Disgruntled Buy to Let landlords have mounted a legal challenge against the Government’s proposed changes to the way in which their rental income is taxed.
In his first Budget after the election, George Osborne introduced measures increase the tax payable by Buy to Let landlords.
At present a property investor can offset all the interest payable on a Buy to Let mortgage, thereby reducing the profit made and therefore the tax payable.
However, Mr Osborne announced that the amount of interest which investors will be able to offset against income in the future will be limited to the basic rate of tax.

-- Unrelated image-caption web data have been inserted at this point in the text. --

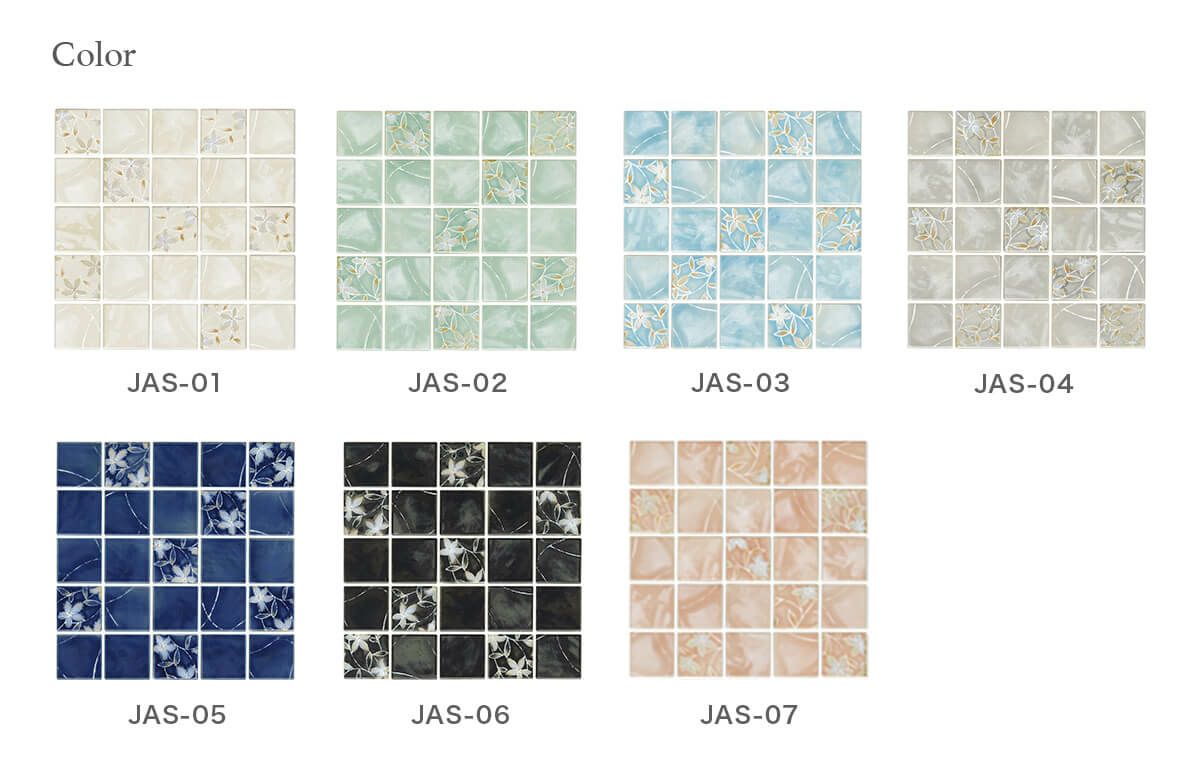 マイジャスミン 竹割三角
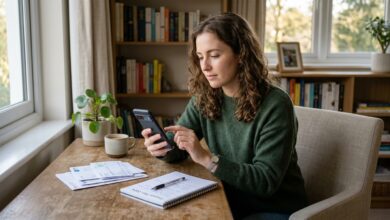 Cómo las apps para gestionar dinero ayudan a controlar la impulsividad financiera en TDAH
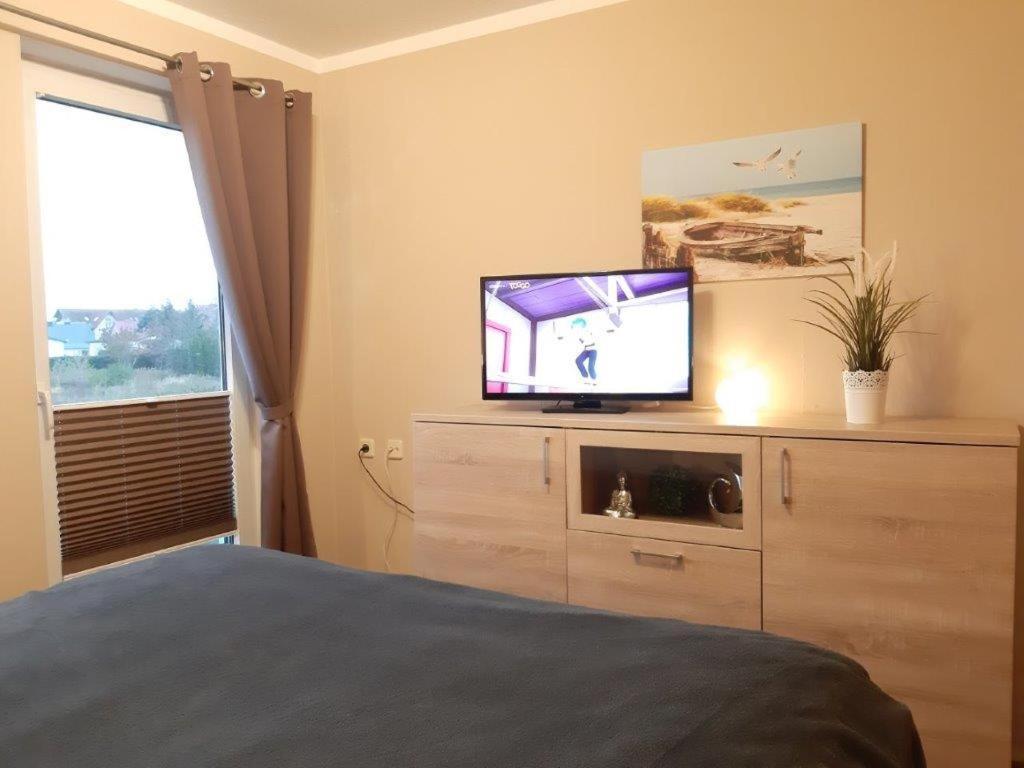 Appartementanlage Yachthafenresidenz Ostseebad Kühlungsborn Buitenkant foto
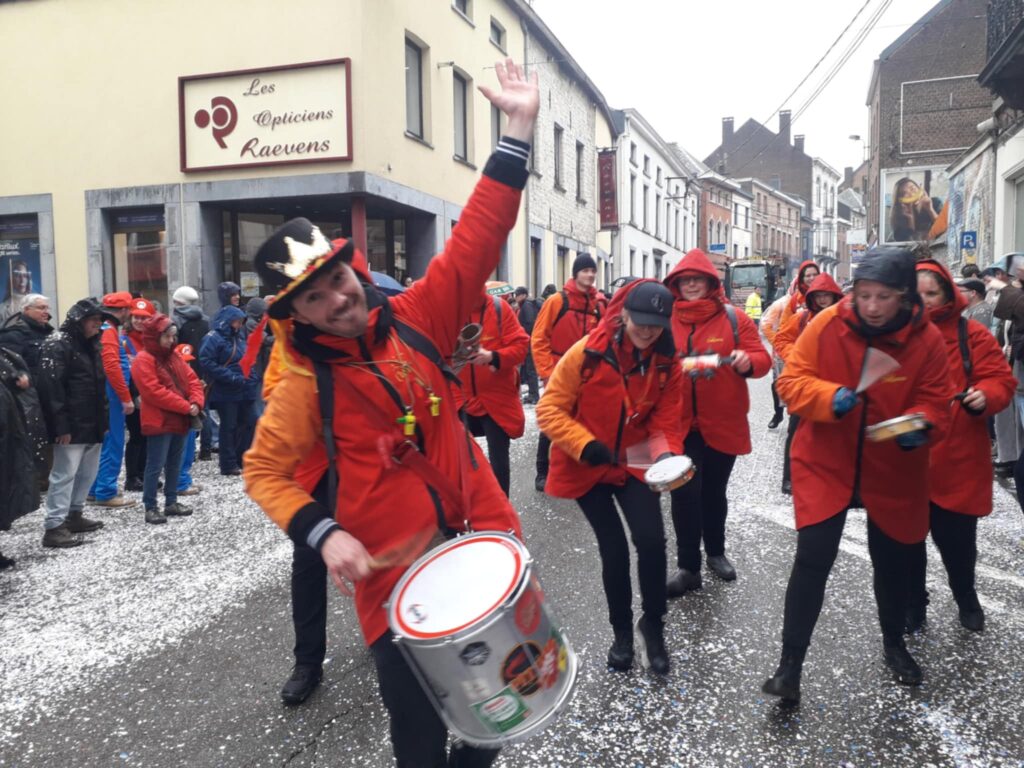 Nivelles > Carnaval 2026 > Photos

The measures will be introduced gradually, however the change will mean, in extreme circumstances, landlords paying tax even when they have not made a profit.
A legal challenge has been mounted and supporters hope the judicial review will overturn the new rules.
Two Buy to Let investors, Chris Cooper and Steve Bolton are leading the challenge and have already raised over £40,000 from other Buy to Let investors.
The challenge will claim that the new rules go against “a long-established principle of taxation that expenses incurred wholly and exclusively for the purposes of the business are deductible when calculating the taxable profits”.
The application for the judicial review must be submitted by 17th February 2016.
Buy to Let landlords hit again
Mr Osborne followed up his summer raid on Buy to Let investors in his Autumn Statement delivered just before Christmas, when he announced that from 2016 all Buy to Let purchases would attract an additional 3% Stamp Duty, on top of the amount that would normally be payable.